- Church: Roman Catholic Church
- Installed: 13 April 2002
- Term ended: 10 November 2007
- Predecessor: Francisco Gil Hellín
- Successor: Grzegorz Kaszak
- Other post: Titular Bishop of Columnata (since 1975)
- Previous post: Auxiliary Bishop of São Sebastião do Rio de Janeiro (1975–2002)

Orders
- Ordination: 22 March 1958
- Consecration: 12 December 1975 by Eugênio de Araújo Sales

Personal details
- Born: Karl Josef Romer 8 July 1932 (age 94) Benken, St. Gallen, Switzerland
- Motto: Mihi vivere Christus

= Karl Josef Romer =

Swiss-born Roman Catholic prelate (born 1932)
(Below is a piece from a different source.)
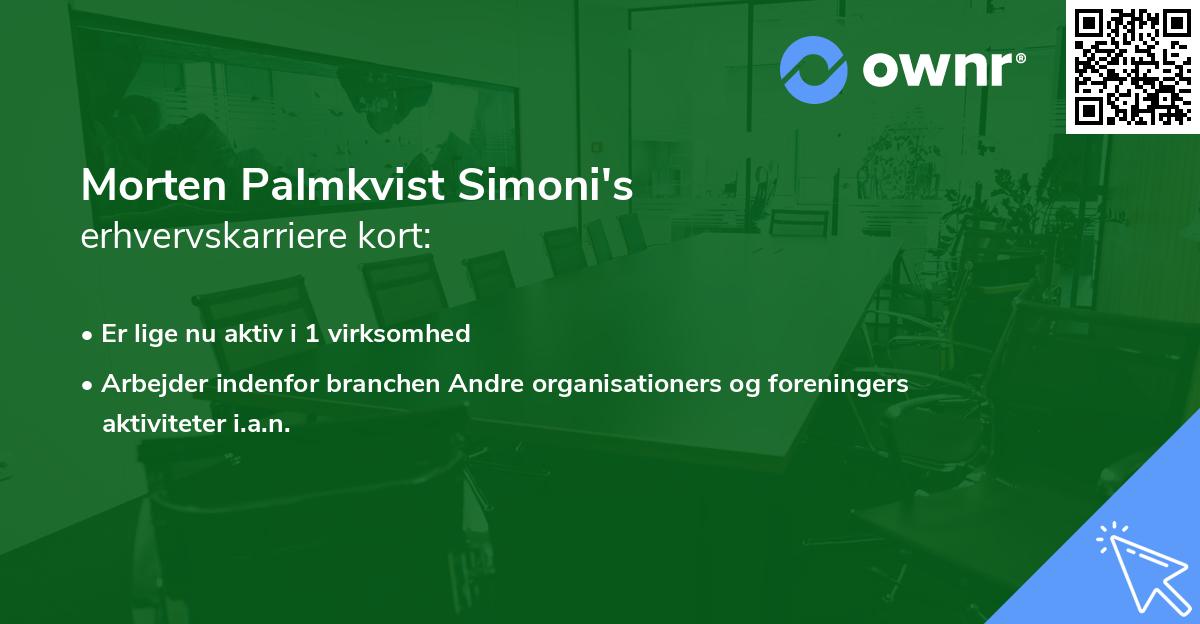 Morten Palmkvist Simoni's erhvervskarriere kort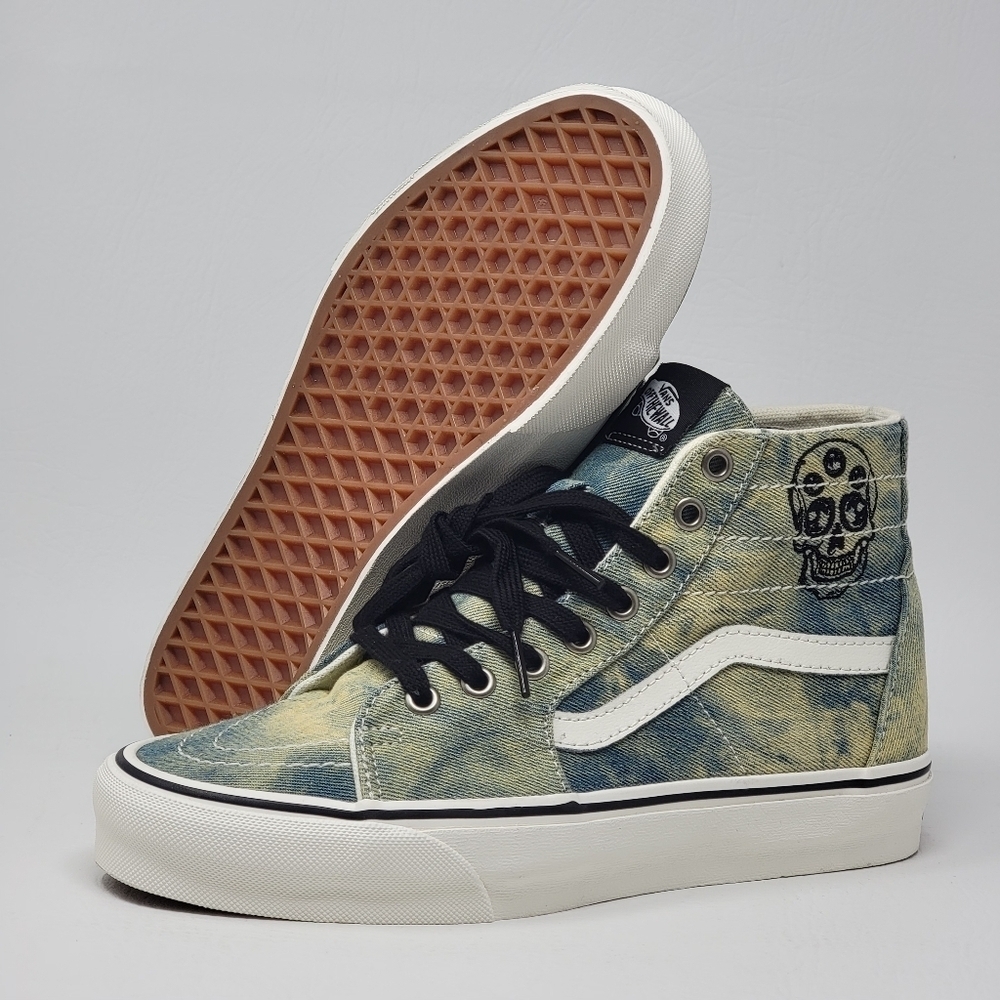 Vans Men’s Size 6.5 Skull Embroidery Sk8-Hi Tapered Denim Olive Blue Shoes New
Karl Josef Romer (born 8 July 1932) is a Swiss-born Roman Catholic prelate and professor, who served as the Secretary of the Pontifical Council for the Family from 2002 to 2007. He previously served as an auxiliary bishop in the Archdiocese of São Sebastião do Rio de Janeiro in Brazil from 1975 until 2022.

== Biography ==
=== Early life, education and priesthood ===
Karl Josef Romer was born in Benken, St. Gallen, Switzerland, in 1932. He began his higher education with philosophy courses in Appenzell from 1950 to 1952. Between 1952 and 1957, he pursued extensive theological studies at several prestigious institutions, including the University of Innsbruck in Austria, the Ludwig-Maximilians-Universität München in Germany, and the Pontifical Gregorian University in Italy.
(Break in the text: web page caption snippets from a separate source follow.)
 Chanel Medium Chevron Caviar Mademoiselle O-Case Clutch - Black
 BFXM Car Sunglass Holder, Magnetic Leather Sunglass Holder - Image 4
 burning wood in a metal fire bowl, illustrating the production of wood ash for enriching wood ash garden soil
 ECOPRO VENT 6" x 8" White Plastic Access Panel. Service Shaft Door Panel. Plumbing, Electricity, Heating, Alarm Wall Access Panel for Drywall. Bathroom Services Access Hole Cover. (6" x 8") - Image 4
Romer earned a doctorate in Dogmatic Theology and also obtained a specialization in religious pedagogy. He was ordained a priest for the Diocese of Saint Gallen on 22 March 1958. He taught theology at the Catholic University of Salvador.
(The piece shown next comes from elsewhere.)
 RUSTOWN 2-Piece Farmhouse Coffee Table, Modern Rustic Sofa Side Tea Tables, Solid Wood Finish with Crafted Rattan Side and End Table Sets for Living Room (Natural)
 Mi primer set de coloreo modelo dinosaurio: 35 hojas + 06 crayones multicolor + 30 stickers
Following his ordination, Romer moved to Brazil as a fidei donum priest. He initially served in the Archdiocese of São Salvador da Bahia before being transferred to the Archdiocese of São Sebastião do Rio de Janeiro.

=== Episcopal ministry ===
On 24 October 1975, Pope Paul VI appointed him Auxiliary Bishop of Rio de Janeiro and Titular Bishop of Columnata. He received his episcopal consecration on 12 December 1975 from Cardinal Eugênio de Araújo Sales. During his long tenure in Rio, he held several key administrative and educational roles, including serving as a member of the Regional North 1 of the National Conference of Bishops of Brazil (CNBB) and directing various theological institutes within the archdiocese.

=== Roman Curia ===
On 13 April 2002, Pope John Paul II appointed Romer as the Secretary of the Pontifical Council for the Family in the Roman Curia, succeeding Francisco Gil Hellín.

He served in this position until 10 November 2007, when Pope Benedict XVI accepted his resignation upon reaching the mandatory retirement age of 75. He was succeeded as Secretary by the Polish prelate Grzegorz Kaszak.